You need a compact encoding for chess engines that explore billions of states as...

solardev · on Sept 15, 2023

Well, this is arguably a kind of compression, right? So you'd be trading CPU time for fewer bytes? Is that a desirable tradeoff at chess engine scales?

hotnfresh · on Sept 15, 2023

Bit packing/mapping et c. isn’t compression the way you’re thinking. What it is, is concise. It requires that the program know what each bit means, rather than telling the program what a value means (as a json structure might), so it shifts where meaning is assigned strictly to the program—a convention must be encoded in the program, not figured out at runtime, though technically you could turn this back into a form of config if you wanted, it just wouldn’t be jumbled up with your data—but it doesn’t really compress the data itself.
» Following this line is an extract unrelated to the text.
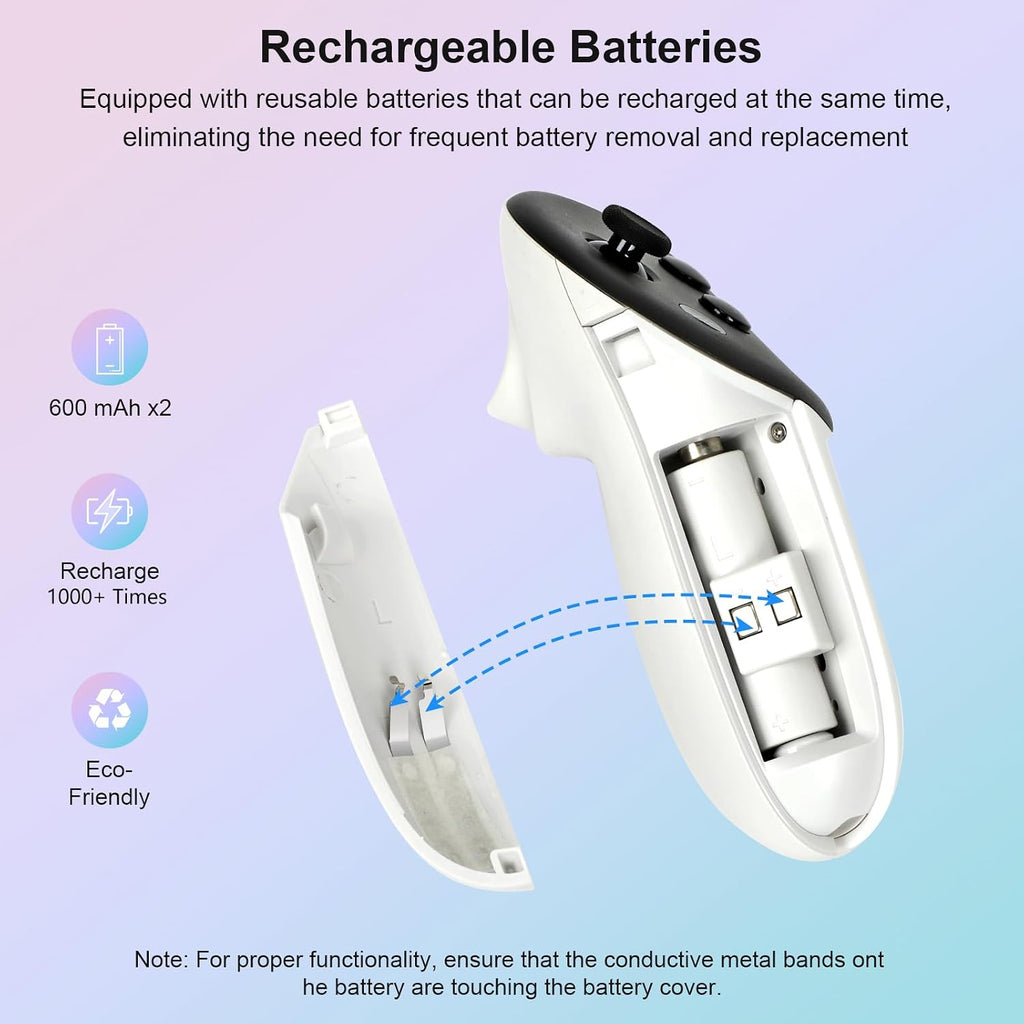 For Metaquest 3S/Quest 3 Charging Dock, VR Charger Station Stand for Metaquest 3S/3 Storage, W/Led Indicator Light and 2 Touch Controller Grips Rechargeable Batteries (White)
It’s just efficient at representing it.

[edit] shorter version of the above: it stores the values, but doesn’t store what they mean.

somenameforme · on Sept 15, 2023

It's not compression in the normal sense of the word. Most parsing is directly to data. So e.g. you know the square of some piece is the next 5 bits. In languages that allow it you can cast directly from the next bit offset to an e.g. byte. This is going to dramatically faster than parsing much more loosely structured JSON. As database sizes increase you also get worse performance there, so it's a double hit. So with these sort of representations you get orders of magnitude faster and smaller. Sometimes there really is a free lunch!
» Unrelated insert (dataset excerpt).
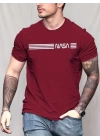 Erkek Kısa Kollu Nasa Baskı Basic Erkek T-shirt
Also I'd add the sizes involved here are kind of insane. I wrote a database system that was using a substantially better compression that averaged out to ~19 bytes per position IIRC. And I was still getting on the order of 15 gigabytes of data per million games. Ideally you want to support at least 10 million games for a modern chess database, and 150 gigabytes is already getting kind of insane - especially considering you probably want it on an SSD. But if that was JSON, you'd be looking at terrabytes of data, which is just completely unacceptable.

MenhirMike · on Sept 15, 2023

To give you an example, the Syzygy tablebase for all endgame positions with 7 pieces remaining is 18.4 TB. The estimated size for 8 pieces is 2 PB.
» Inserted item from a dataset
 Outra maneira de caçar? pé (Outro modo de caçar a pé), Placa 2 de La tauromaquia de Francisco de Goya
There are different applications for different things: If you want to host a website with real-world tournament results involving only humans, you probably can get away with using more bytes. But if you're writing an engine that uses pre-computed positions, you want to be as compact as possible.

https://en.wikipedia.org/wiki/Endgame_tablebase#Computer_che...

I did laugh a bit at this bit because "conventional server" and "64 TB RAM" is hilarious to think about in 2023, but will probably be the base config in a Raspberry Pi in 2035 or so:

> In 2020, Ronald de Man estimated that 8-man tablebases would be economically feasible within 5–10 years, as just 2 PB of disk space would store them in Syzygy format, and they could be generated using existing code on a conventional server with 64 TB of RAM

dekhn · on Sept 15, 2023

CPUs excel at decompression; more than one engineer has remarked to me that the fastest way to populate a cache is to decompress data in-line.

cylon13 · on Sept 15, 2023

Is your assertion that it takes more time for a CPU to read values out of a 30 byte struct and do a couple shifts and branches than to parse a JSON representation?

hutzlibu · on Sept 15, 2023

The JSON needs to be parsed only once. Then it is (or can be) just any object to your liking.

JSON is for storing data as text. Not work with that text all the time.

croes · on Sept 15, 2023

It's not just reading, you need to process the data to get castling availability, en passant target etc.